How to tag corrupted data in dataframe after an error has been raised
This happens because of the way you're populating the dataframe.
sample_data['error_msg'] = str(e)
Will actually overwrite the entire column with str(e)
.
This is probably the most efficient way to do it:
def int2date(argdate: int):
try:
year = int(argdate / 10000)
month = int((argdate % 10000) / 100)
day = int(argdate % 100)
return date(year, month, day)
except ValueError as e:
pass # you could write the row and the error to your logs here
df['date_of_birth'] = df.sec_num.apply(int2date)
df['is_in_error'] = df.date_of_birth.isnull()
However if you also want to write the errors to the dataframe, you can use this approach although it might be much slower (there might be faster solutions to this).
df['date_of_birth'] = None
df['error_msg'] = None
df['is_in_error'] = False
for i, row in df.iterrows():
try:
date_of_birth = int2date(row['sec_num'])
df.set_value(i, 'date_of_birth', date_of_birth)
except ValueError as e:
df.set_value(i, 'is_in_error', True)
df.set_value(i, 'error_msg', str(e))
This handles each row separately and will only write the error to the correct index instead of updating the entire column.
You are in the realm of handling large data.

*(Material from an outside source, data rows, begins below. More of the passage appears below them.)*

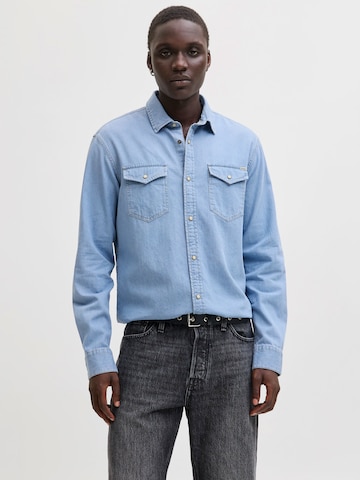 JACK & JONES Regular fit Skjorta 'JJESHERIDAN' i blå: framsida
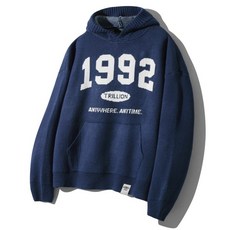 TRILLION 워셔블 1992 그래픽 로고 자카드 후드 니트 (NAVY) TRFKN26NV 364009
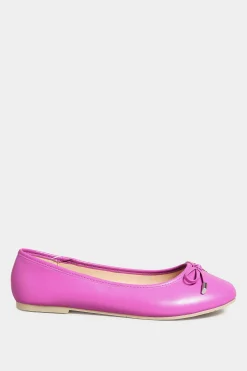 Yours Yours Pink Ballerina Pumps In Wide E Fit & Extra Wide Eee Fit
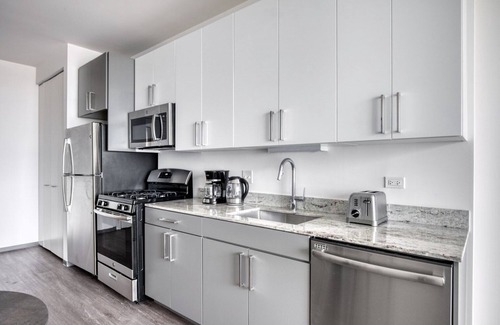 Logan Square Apartment | Modern Logan Square 1BR w/Roof Deck & Gym, 1 block to L, by Blueground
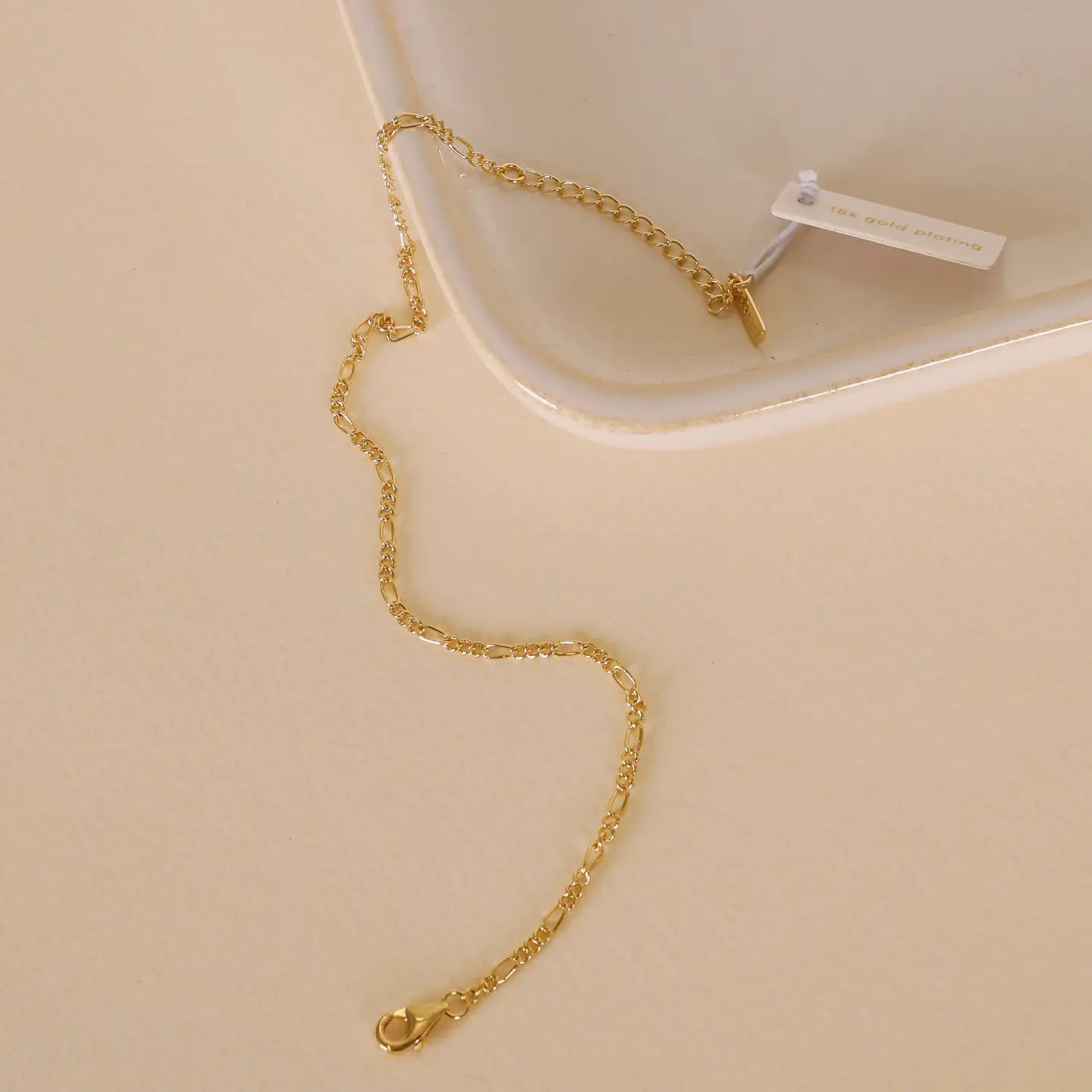 JAXKELLY Simple Twist Chain Anklet - 18k Gold Plated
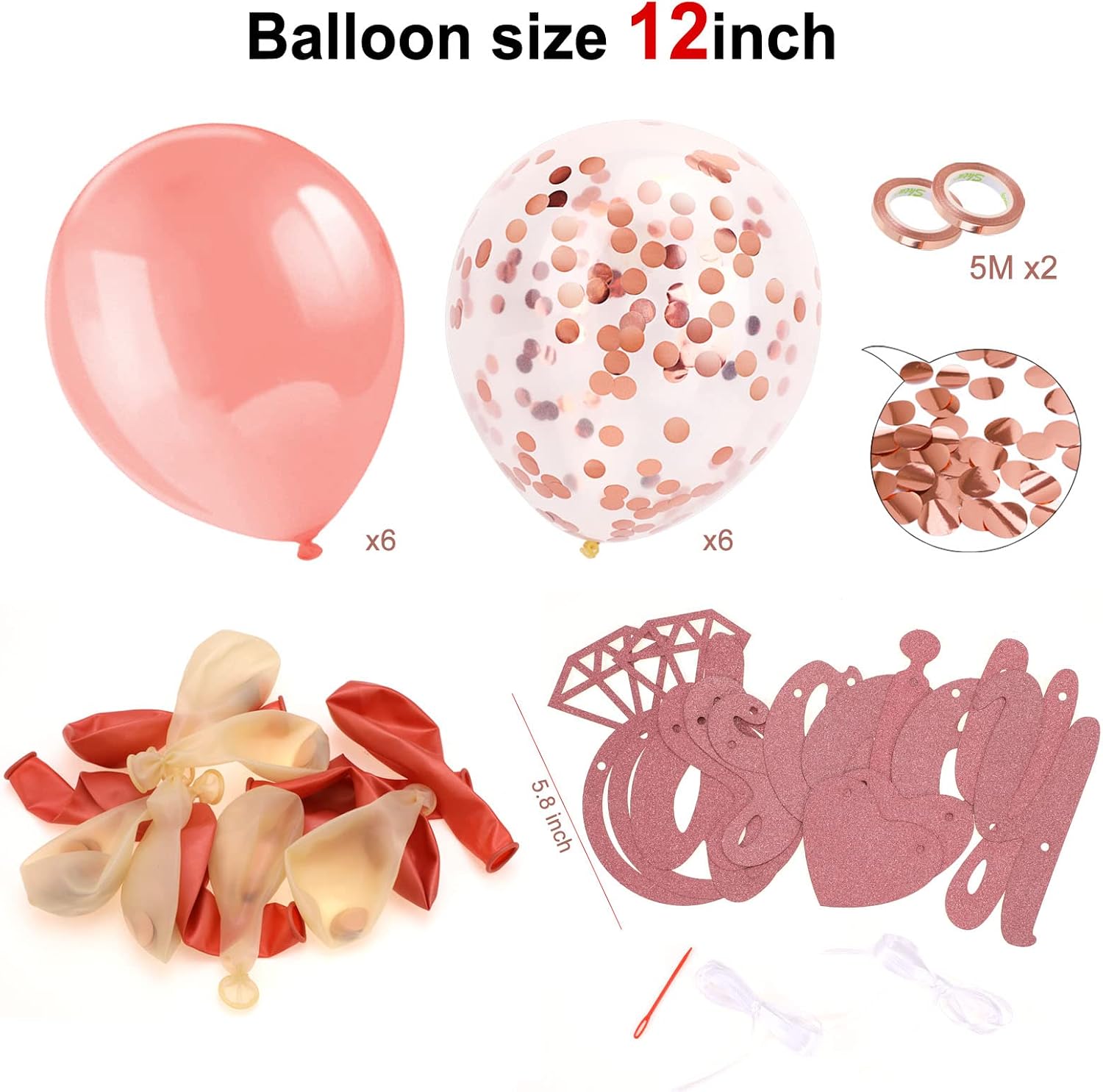 HOWAF Rose Gold Engaged Set, Banner, She Said Yes Banner, Diamond Ring Balloon - Image 4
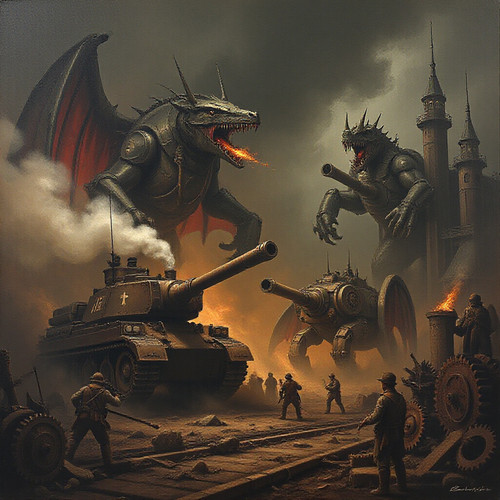 Historical painting depicting massive mechanical creatures battling in a smoky industrial landscape .jpg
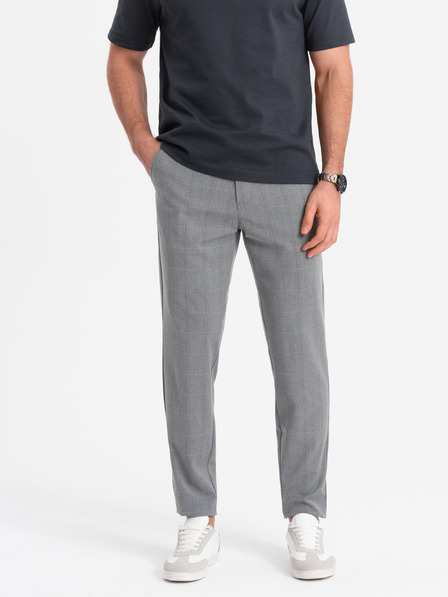 Ombre Clothing Sive moške kariraste hlače Ombre Clothing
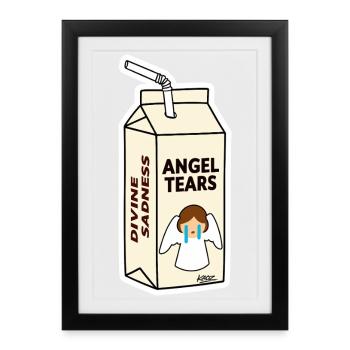 Angel Tears Carton - Framed poster (27 × 37 cm) - black - Front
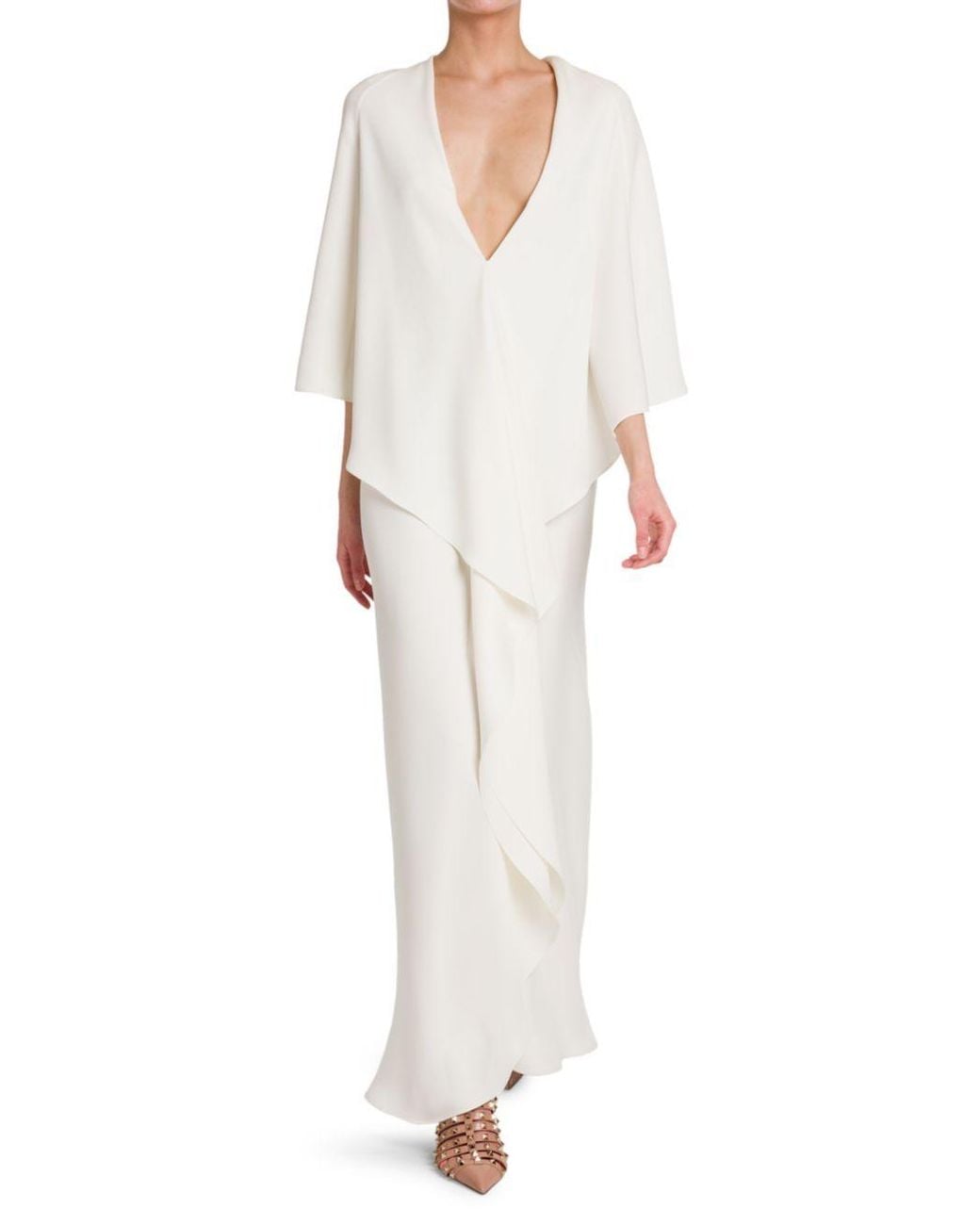 Valentino White V-Neck Draped Dress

Throwing exceptions out of a loop is often not the best idea there because it will normally abort the loop. As many others you do not seem to want that.
To achieve that a typical approach is to use a function which does not throw the exception but which returns it instead.
def int2date(argdate: int):
try:
year = int(argdate / 10000)
month = int((argdate % 10000) / 100)
day = int(argdate % 100)
return date(year, month, day)
except ValueError:
return ValueError("Value:{0} not a legal date.".format(argdate))
With this you simply can map a list of values to the function and will receive the exceptions (which lack a trace of course, but in such a case this should not be a problem) as values in the result list:
You then can walk over the list, replace the found exceptions by None
values and fill other columns instead with the message contained in the exception.